WORK INSTRUCTIONS:
Exactly the lines below starting at the line with "猫トイレで注意すべき『湿気トラブル』とは？ケース別に6つの対策を紹…" and ending at the line with "Zulu Men Demonstrating" are wanted, with both ends included. Leave out the pictures and add no other lines.
#####
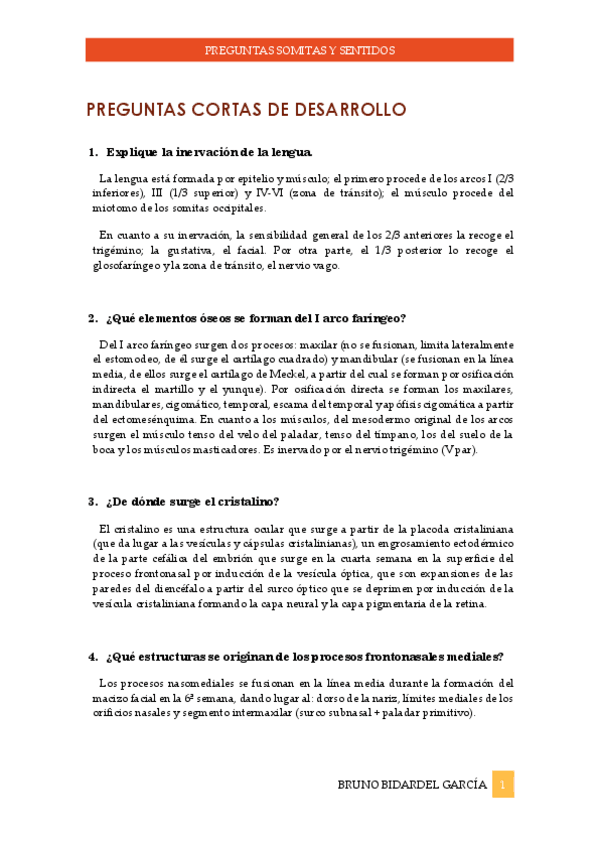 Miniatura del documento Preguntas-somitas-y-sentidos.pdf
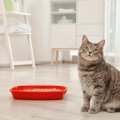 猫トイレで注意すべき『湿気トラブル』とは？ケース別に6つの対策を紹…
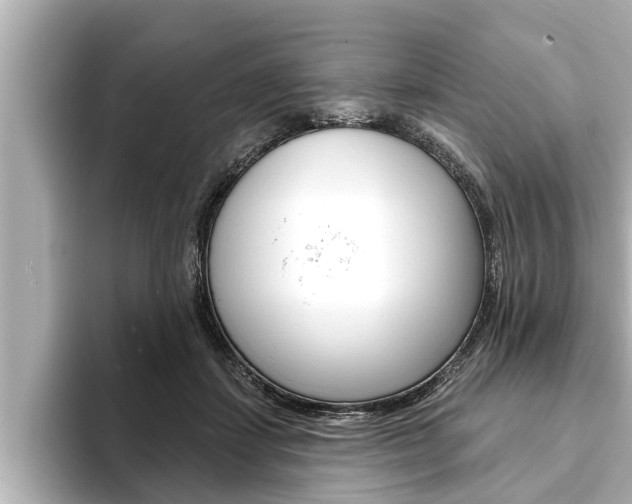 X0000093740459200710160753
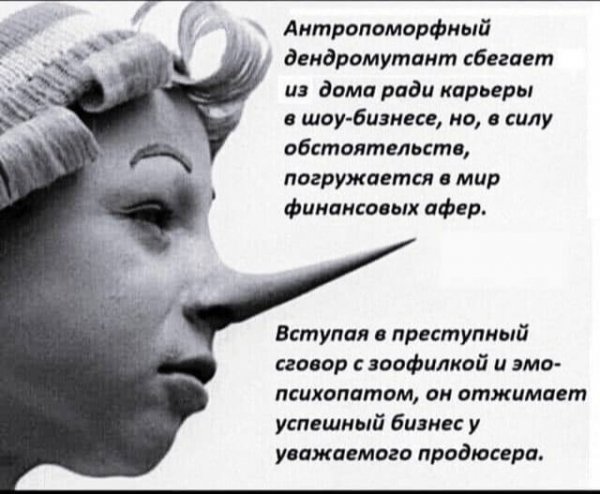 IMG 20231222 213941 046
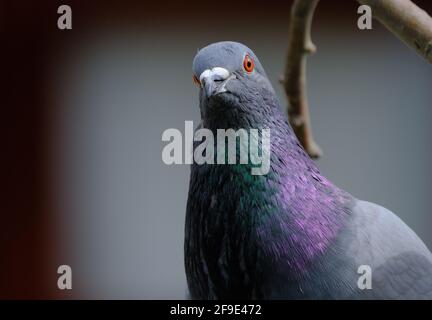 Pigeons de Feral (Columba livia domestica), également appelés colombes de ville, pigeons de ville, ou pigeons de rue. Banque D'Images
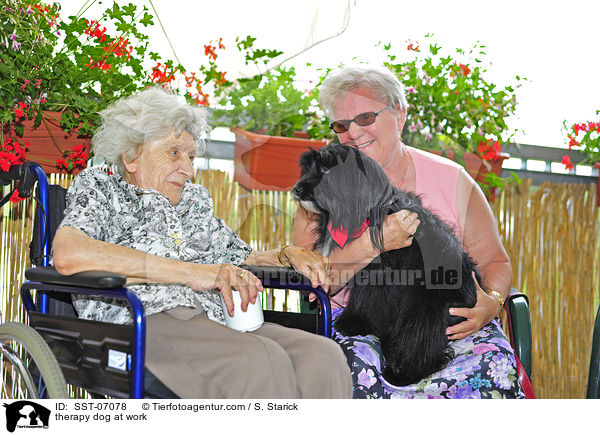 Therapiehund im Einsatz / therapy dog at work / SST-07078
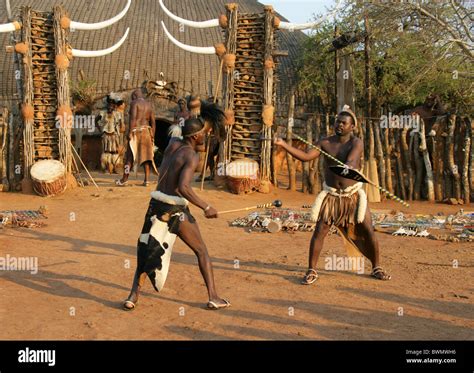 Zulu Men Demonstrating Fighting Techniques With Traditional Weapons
#####
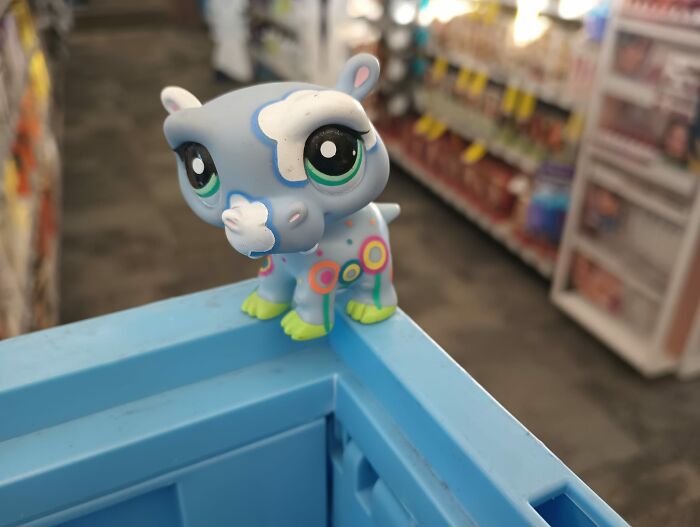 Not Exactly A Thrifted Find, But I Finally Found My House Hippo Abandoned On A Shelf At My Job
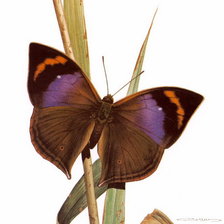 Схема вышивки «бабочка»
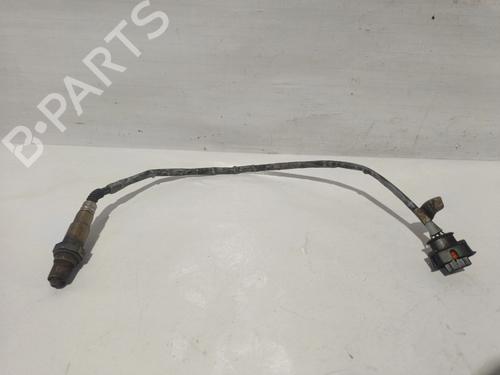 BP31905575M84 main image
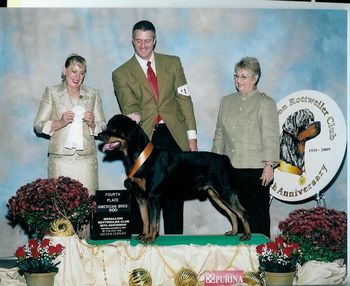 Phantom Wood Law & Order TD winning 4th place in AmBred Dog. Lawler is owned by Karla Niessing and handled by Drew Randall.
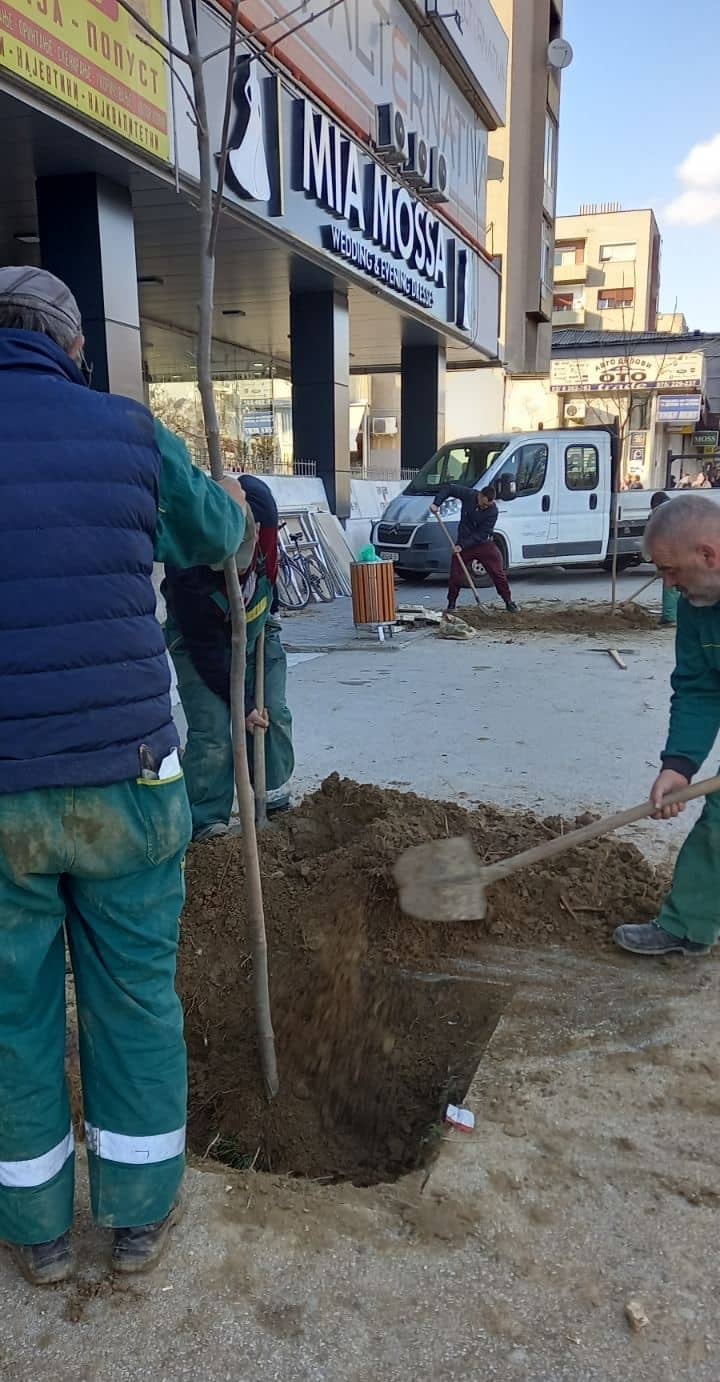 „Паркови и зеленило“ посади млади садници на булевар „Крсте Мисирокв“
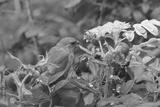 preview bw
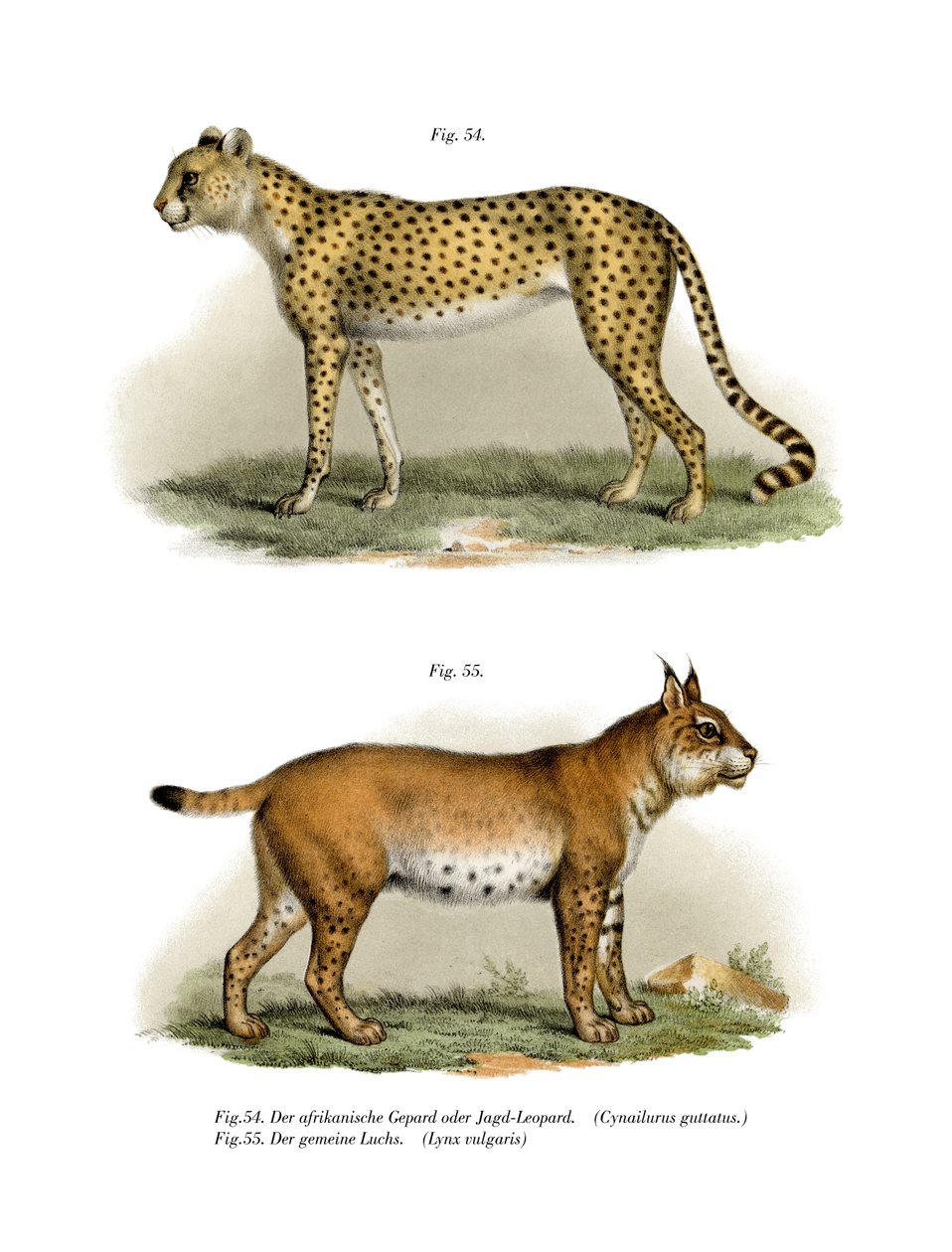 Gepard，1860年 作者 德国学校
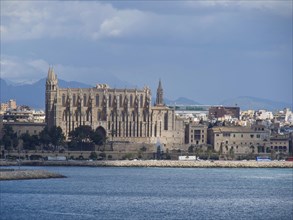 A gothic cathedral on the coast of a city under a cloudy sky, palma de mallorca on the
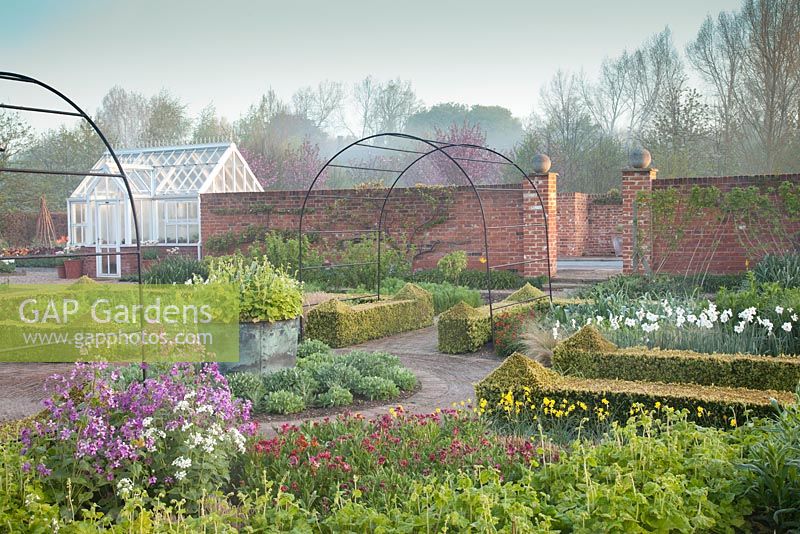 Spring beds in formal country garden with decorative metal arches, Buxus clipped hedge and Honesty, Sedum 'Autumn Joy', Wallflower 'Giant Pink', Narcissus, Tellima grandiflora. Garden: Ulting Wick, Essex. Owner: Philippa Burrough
#####
EXERCISE SOLUTION:
 猫トイレで注意すべき『湿気トラブル』とは？ケース別に6つの対策を紹…
 X0000093740459200710160753
 IMG 20231222 213941 046
 Pigeons de Feral (Columba livia domestica), également appelés colombes de ville, pigeons de ville, ou pigeons de rue. Banque D'Images
 Therapiehund im Einsatz / therapy dog at work / SST-07078
 Zulu Men Demonstrating Fighting Techniques With Traditional Weapons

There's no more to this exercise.